A GHF era liderada por um ex-atirador de elite dos Fuzileiros Navais dos EUA, Jake Wood, que comandou missões humanitárias para o Haiti e outros locais de desastre pelo mundo com sua organização, Team Rubicon. Wood pediu demissão no começo da semana, antes da entrada em vigor do novo plano, dizendo que a fundação não teria condições de seguir “os princípios humanitários de humanidade, neutralidade, imparcialidade e independência, que não pretendo abandonar”.

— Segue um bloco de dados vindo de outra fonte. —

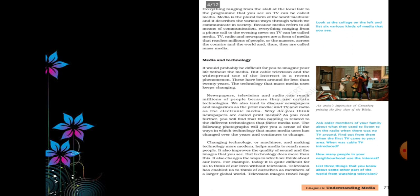Then comes media and technology. Newspapers, TV, and radio can reach millions of people because they use certain technologies. Since these medias are using certain technologies, they can reach millions of people. There are two types of media: print media and electronic media. Print media includes newspapers and magazines, and electronic media includes TV and radio. TV images travel huge distances through satellites and cables.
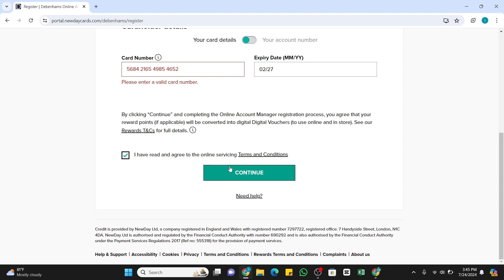Your online account registration code will be sent to your email. Once you get that, enter it in the provided field and complete the process. After that, you will be able to register your online account manager as well as you will also be able to activate your Debenhams credit card. So by following these steps, you should be able to activate your Debenhams credit card online.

A GHF, que opera com 100 milhões de dólares (560 milhões de reais) de financiamento, seguiu adiante na segunda-feira sem Wood, e abasteceu seus centros para fazer a distribuição na terça-feira. Seguranças armados das empresas privadas Safe Reach Solutions, com sede no estado de Wyoming, nos EUA, e UG Solutions, com sede na Carolina do Norte, faziam a guarda dos locais. A Safe Reach Solutions é comandada por Philip F. Reilly, ex-agente da CIA que treinou os Contras de direita na Nicarágua na década de 1980, e foi um dos primeiros a serem destacados para o Afeganistão em 2001, vindo a se tornar chefe da estação em Cabul antes de migrar para o setor privado, segundo uma investigação do New York Times.

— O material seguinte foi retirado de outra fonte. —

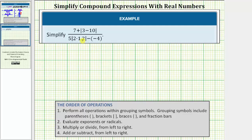We want to simplify the given expression. To simplify the expression, we must follow the order of operations. Step one: we perform all operations within grouping symbols. Grouping symbols include parentheses, brackets, braces, fraction bars, as well as absolute values.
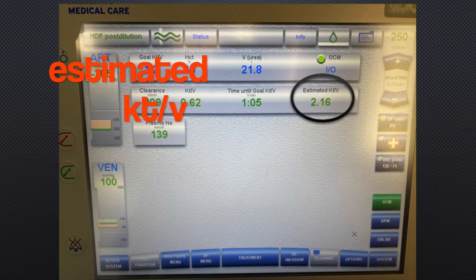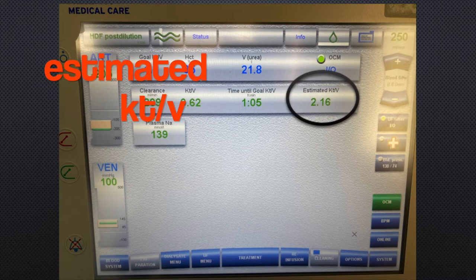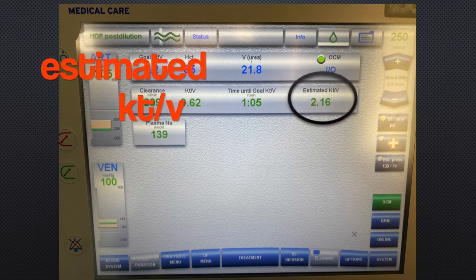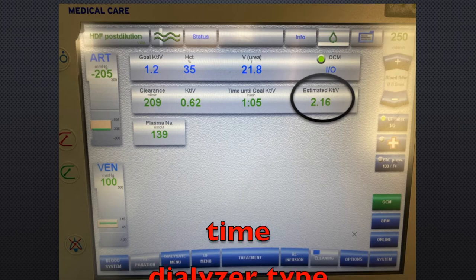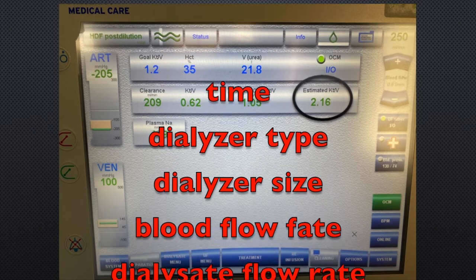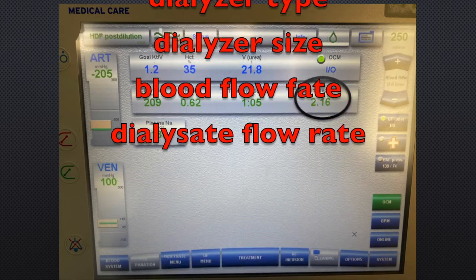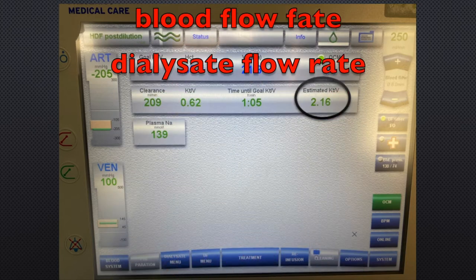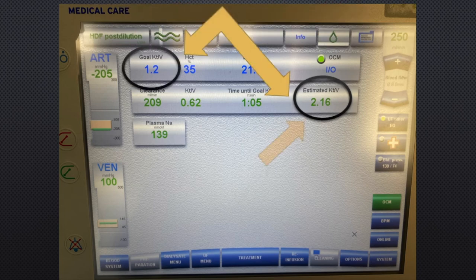The estimated KT/V gives you the predicted value once the patient finishes, based on the present parameters set in the machine — such as treatment time, type of dialyzer and size, blood flow rate, and dialysate flow rate.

‘Não é possível substituir um sistema humanitário por um posto de controle e esperar paz.’

Hamad chamou o incidente de terça-feira de “punição disfarçada de caridade”, e pediu ao governo israelense que permita à ONu retomar o controle do processo de distribuição de ajuda humanitária. 

“A ajuda em Gaza não deveria ser política, não deveria ser condicional. Ela só funciona quando é protegida, quando é neutra, e coordenada por organizações como a ONU”, diz Hamad. Ele acrescenta que os palestinos em Gaza têm confiança nos grupos apoiados pela ONU, e a ONU já tem a infraestrutura necessária para identificar claramente as necessidades e atendê-las.

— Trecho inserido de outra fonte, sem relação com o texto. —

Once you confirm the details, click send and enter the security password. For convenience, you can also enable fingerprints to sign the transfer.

“Não é possível substituir um sistema humanitário por um posto de controle e esperar paz”, ele diz, “porque é uma caridade controlada pelos militares, e as pessoas estavam lá apenas por desespero.”

Atualização: 28 de Maio de 2025, 4:01 P. M. ET
A história foi atualizada com novas informações do Euro-Med Human Rights Monitor sobre o número total de mortes, além de um comunicado da Fundação Humanitária de Gaza recebido após a publicação.